The denial of human evilness and the obsession with optimism is something Wendy Chun (2016) touches upon in her thoughts on crisis and technology. According to Chun, we live in a permanent state-of-exception, a ‘crisis ordinary’ where neoliberalism as creating crises dulls the future.
We live in a moment of cruel optimism, in which our attachment to the promises of the good life are precisely that which allow us to tread water, but not to swim (Chun, 2016)
Chun’s expansion of “Marxist notions of capitalism as creating crises […] from which we want to be saved via corporate, governmental, or technological intermediaries” lingers on a sadistic notion of the real. To wake up, swim, or revolutionize, Chun argues, we need to exhaust exhaustion and instead of desiring an end strive for repetition (ibid.). But this repetition might be of another character than the repetitious nature of algorithmic living. Just as de Sade’s erotic activities are not the final end, but rather a repetitious exploration of the real; Chun’s habits are a way to explore the inherently vulnerable (and violent?) nature of networks.
The idea of an inherent violence in society is also explored by Geoff Cox (2015), as he argues that software is inherently violent as “it prescribes and determines certain actions. Like the myth of freedom of choice, violence is demonstrated at multiple levels of execution” (Cox, 2015). This form of “pure violence” that appears to come from nowhere is embedded in culture. It comes from beyond the law and is an expression of the undeadness and therefore sacred life. The pure violence is exactly the form of violence, which exists in the belief of the good life, and therefore a totally different form of violence than the one de Sade is advocating for. For de Sade, and Bataille, violence is necessary to exploit the inherent violence and domestication of evil in human being.
The Pain of Everyday Life
“Constraint City” (2007-) is an artwork made by the critical engineer Gordan Savičić. With the subtitle “The Pain of Everyday Life”, Savičić (2007) investigates the ubiquitous execution of violence in urban space. By searching for encrypted networks in an urban setting, he explores the pain of not being connected, and translates this into physical pain on his upper body. Wearing a corset-inspired wearable device with motors, which tighten when you are near encrypted networks, you suddenly feel pleasure of “reading” immaterial infrastructures.
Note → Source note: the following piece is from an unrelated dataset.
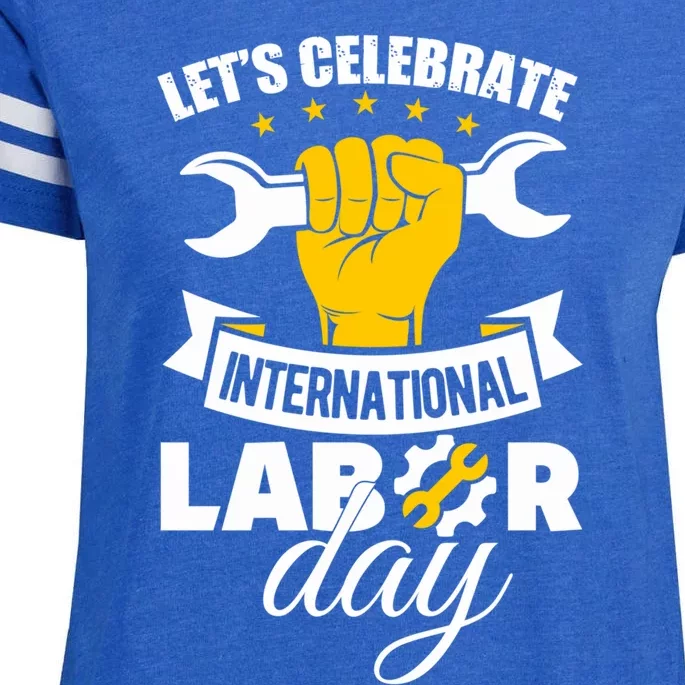 Celebrate International Labor Day Happy Union Worker Gift Enza Ladies Jersey Football T-Shirt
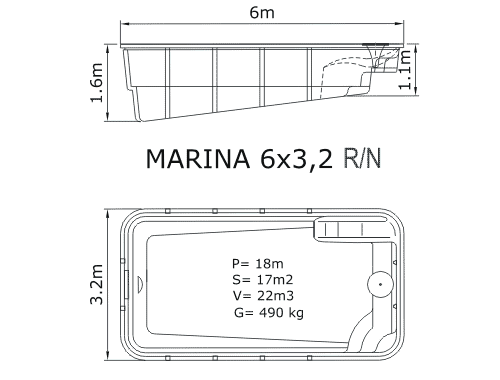 Piscina Marina 6 x 3,2 Na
Something you normally cannot feel since the network layers of the city are invisible. An encrypted network is something very private in comparison to open networks, and the fact that they still take of space and invade that which we would consider public space, becomes very apparent when translated into pain on the skin. The painful route around the city is finally translated into a pain map with, as Savičić coins them, “playsure pain zones”: the zones with the most powerful encrypted networks. This critical performance shows the perverse, technological pleasure in constraints, and how the site of repetitious execution enables pleasurable pains. As Florian Cramer argues, “Constraint City” combines the straight jacket with the vibrator, resulting in a “hysterical psychogeography […] turning the performer into a walking phallus, and jerking him off ” (Cramer, 2007, “Hysterical Drift”).
In “Constraint City” execution results in erotic stimulations. The endless repetitious execution of encrypted networks on the performer’s body enacts the violating treadmill of everyday life. Savičić himself explains how it can be a pain to not be connected, but connection itself can be as much a pain. The pain of being connected constitutes the treadmill of everyday life. Connection is a repetitious loop, where every single aspect is continuously executed, and finding an end, escaping was never an answer. Instead of striving for an end (Chun, 2016), we need to find pleasure in pain.
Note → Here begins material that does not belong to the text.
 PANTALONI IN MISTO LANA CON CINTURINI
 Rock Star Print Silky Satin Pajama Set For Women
Picture 1: The performer after wearing the corset-inspired device. Picture 2: The pain-map from Berlin. Images from http://www.yugo.at/equilibre/
Repetitious Execution Replaces Pleasure
The electronic excitation conveyed through the entire mediascape puts the sensitive organism in a state of permanent electrocution […] Too few words, too little time to talk. Too little time to feel […] Don’t miss the implication between permanent electrocution, shortening of linguistic attentive elaboration, atrophy of emotional response. (Berardi, 2007, p. 200)
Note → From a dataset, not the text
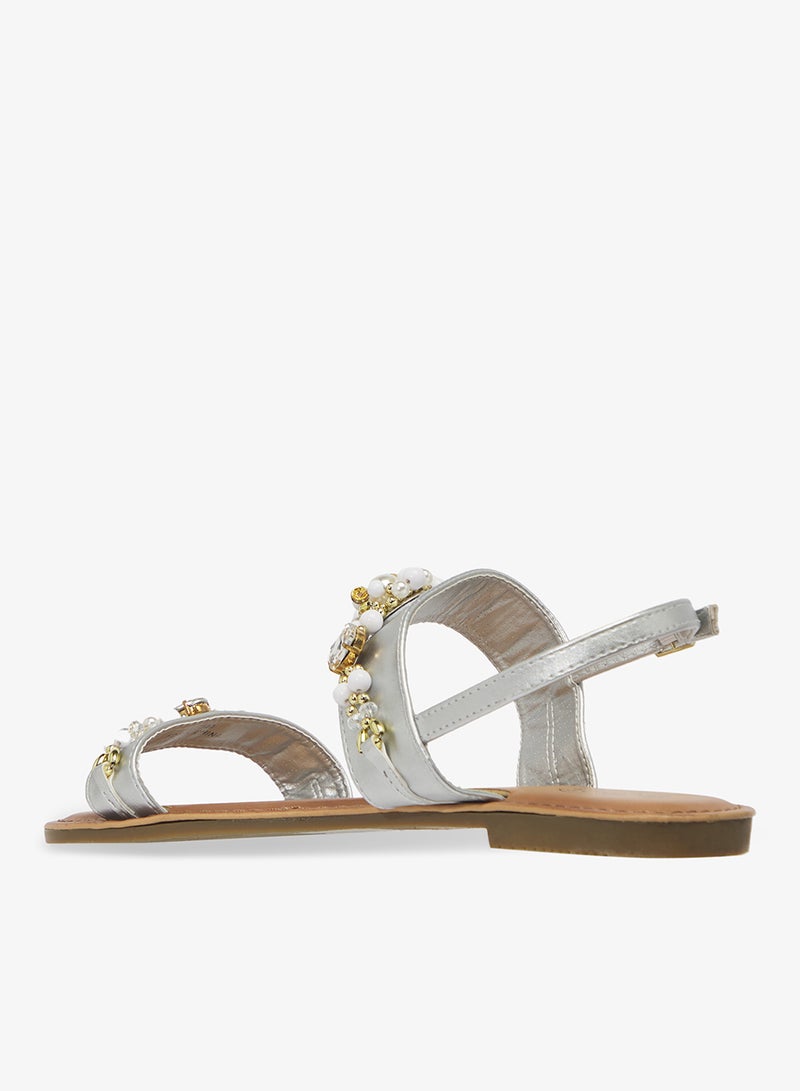 Spot-On Embellished Flat Sandal - Image 3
Berardi argues, that the increase in daily inputs has left us with an inability to feel pleasure and to express emotions: “the obsessive repetition of a gesture that is no more able to fulfil its aim” (ibid.). As an alienation that has arrived in the paradigmatic shift from conjunctive bodies to connective bodies, we are obsessed with reaching the end, and finding authenticity in a simulated world. According to Berardi and Cramer, time and imagination are keywords to deconstruct alienation, and whereas Berardi finds this in the ironic joy and cynicism of indie porn, Cramer & Home finds this in pornographic coding. Pornographic coding is the absolute expansion of erotic imagination as visual imagery is reduced, hereby “teaching us to get off on mere zeros and ones”. Cramer argues, that this pornography will overcome the false dichotomy of the artificial and the authentic, and “reconcile rationality and instinct and overcome alienation because the codes will have to be reconstituted into sexual imaginations by the right side of brain” (ibid.). In this way, pornographic coding seems to overcome the false dichotomy of conjunctive and connective bodies, and teach us how to turn permanent execution into pleasurable imagination.
Picture 3-6: The progression of pornographic perfection. Images from Cramer & Home, 2007.
It is always by way of pain one arrives in pleasure (Marquis de Sade)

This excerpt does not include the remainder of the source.